This evening I watched President Trump’s State of the Union address with doubts and concern mixed with curiosity about just what he would choose to address. Major news organizations with far more time and resources than I have will be reviewing in detail over the next few days. However, I thought I would comment on an area he mentioned in which I have some experience and knowledge, the Intermediate Range Nuclear Force Treaty of 1987.
There have been complaints for the last few years of Russian violations of this treaty. But, rather than pursue a resolution using the mechanism setup in the treaty itself or addressing those concerns by negotiations with Russia (who had threatened to withdraw before) and other affected countries like China (whose missile developments are of concern to the Russians), President Trump chose to withdraw from the treaty first, and was followed by a Russian withdrawal. This followed the pattern of Iran and North Korea, where he complained about the nuclear treaty with Iran but rather than negotiate a better one with North Korea and then negotiate matching changes to the Iran treaty, he unilaterally withdrew from the treaty with Iran and merely shook hands with the leader of North Korea.
Since the treaty was ratified in 1988 and the destruction of weapons was completed in 1991, many of us have forgotten about this whole class of nuclear weapons systems although some of North Korea’s missiles fall into this class. But in the 1970’s they were a major threat to our NATO allies and U.S. forces deployed in Europe.
In March 1976, while I was still serving on a Titan II missile crew, the Soviet Union began deploying its new RSD-10 Pioneer (or SS-20 Saber) with a range of 4700-5000 kilometers, just below the 5500 kilometer minimum for intercontinental weapons set by the SALT treaties. And, unlike their predecessors, the SS-4 and SS-5 which were launched from a fixed site, the SS-20 was a mobile and concealable system that also featured 3 independently targetable RV nuclear weapons.
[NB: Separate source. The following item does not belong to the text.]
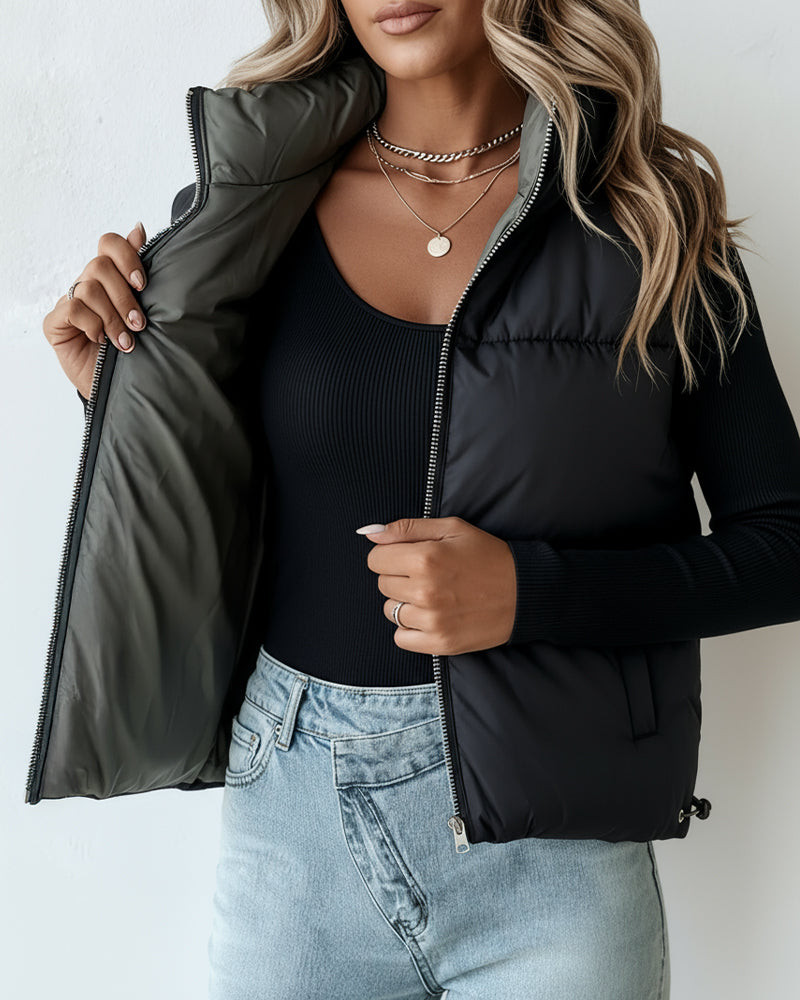 Stand Collar Sleeveless Zip Up Drawstring Hem Vest Casual Two-Way Reversible Ladies Warm Winter Padded Coat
To counter these, the U.S. and NATO only had a small number of shorter range Pershing 1 missiles. So, the U.S. and NATO responded with a planned deployment of 100 Pershing 2 missiles to West Germany and the deployment in several countries of the BGM-109G Ground Launched Cruise Missile (GLCM).
My first thought on hearing this in the SOTU address was “are we going to send the GLCM launchers back to Sicily?” In fact, I really don’t know what President Trump plans do in the absence of the treaty other than to give Russia an excuse to do what they had been threatening for some time. But, I do have some peripheral knowledge of the GLCM, so let us discuss that.
In the early 1980’s, I worked on some technical analyses of various nuclear forces. A big concern was the ongoing replacement of older, less accurate Soviet ICBM’s with newer and more accurate systems like the SS-18 and SS-19. These had sufficient accuracy to threaten our land based missiles in their hardened silos and more warheads as well. Part of the U.S. response was the development of a land-based version of the Navy’s Tomahawk cruise missile system, the BGM-109G. For more information on the history of the GLCM, I suggest this article from Air Force Magazine.
In its own way, the GLCM may have been the most successful weapons system in history. By spending money on building a new base in Sicily and beginning training and deployment of the system, the U.S. gained leverage to talk the Soviets into withdrawing an entire class of nuclear weapons and eventually destroying 1846 weapons systems in exchange for 846 by the U.S./NATO. And it established a basis for transitioning from limiting strategic arms to reducing them.
So where do we go now? As Bob Dylan would say, “things have changed”.
First, although the U.S. and Russia still dominate the strategic arms field, we are no longer in a bilateral situation. The Soviet Union has split up into several successor states with nuclear forces and not all of them have signed onto the INF.
Second, China was never a signatory and their nuclear forces and missile capabilities are much greater than they were in the 1980’s as evidenced by their current lunar exploration activity.
Third, smaller nuclear or nuclear-potential states like North Korea and Iran are a very real threat with the ability to threaten our allies or friendly nations like South Korea and Japan, Iraq and Israel. Part of our response has been to develop defensive systems. But these also threaten the stability of the INF agreement, even if it were still in place.
So, what is clearly needed is ongoing serious negotiations among the many involved parties on a framework for a stable and safer agreement.
But, will any of the leaders involved step up to the plate and accept the challenge?